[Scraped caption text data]
══════

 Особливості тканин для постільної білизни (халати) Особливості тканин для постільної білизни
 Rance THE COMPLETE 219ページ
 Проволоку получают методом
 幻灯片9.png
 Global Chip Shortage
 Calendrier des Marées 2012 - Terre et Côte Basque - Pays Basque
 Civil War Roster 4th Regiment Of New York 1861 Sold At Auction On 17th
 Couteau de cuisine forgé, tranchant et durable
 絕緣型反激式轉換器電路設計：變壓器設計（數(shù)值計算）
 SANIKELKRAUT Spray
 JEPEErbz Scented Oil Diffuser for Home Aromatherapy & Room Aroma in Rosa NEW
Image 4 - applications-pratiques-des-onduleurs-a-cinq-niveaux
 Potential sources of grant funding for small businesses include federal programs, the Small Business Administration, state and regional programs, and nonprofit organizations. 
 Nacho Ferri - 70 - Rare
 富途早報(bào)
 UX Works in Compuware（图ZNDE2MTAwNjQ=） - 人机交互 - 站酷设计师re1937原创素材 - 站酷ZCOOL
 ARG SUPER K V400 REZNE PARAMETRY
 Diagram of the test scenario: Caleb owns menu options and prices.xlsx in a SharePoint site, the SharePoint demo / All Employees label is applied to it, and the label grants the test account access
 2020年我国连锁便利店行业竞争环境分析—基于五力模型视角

══════

### HOW TO COMPLETE THIS TASK
Once you reach the line that contains "SANIKELKRAUT Spray", print it and every line after it exactly as written, stopping at the last line of the records and adding nothing.

### FINISHED TASK
 SANIKELKRAUT Spray
 JEPEErbz Scented Oil Diffuser for Home Aromatherapy & Room Aroma in Rosa NEW
Image 4 - applications-pratiques-des-onduleurs-a-cinq-niveaux
 Potential sources of grant funding for small businesses include federal programs, the Small Business Administration, state and regional programs, and nonprofit organizations. 
 Nacho Ferri - 70 - Rare
 富途早報(bào)
 UX Works in Compuware（图ZNDE2MTAwNjQ=） - 人机交互 - 站酷设计师re1937原创素材 - 站酷ZCOOL
 ARG SUPER K V400 REZNE PARAMETRY
 Diagram of the test scenario: Caleb owns menu options and prices.xlsx in a SharePoint site, the SharePoint demo / All Employees label is applied to it, and the label grants the test account access
 2020年我国连锁便利店行业竞争环境分析—基于五力模型视角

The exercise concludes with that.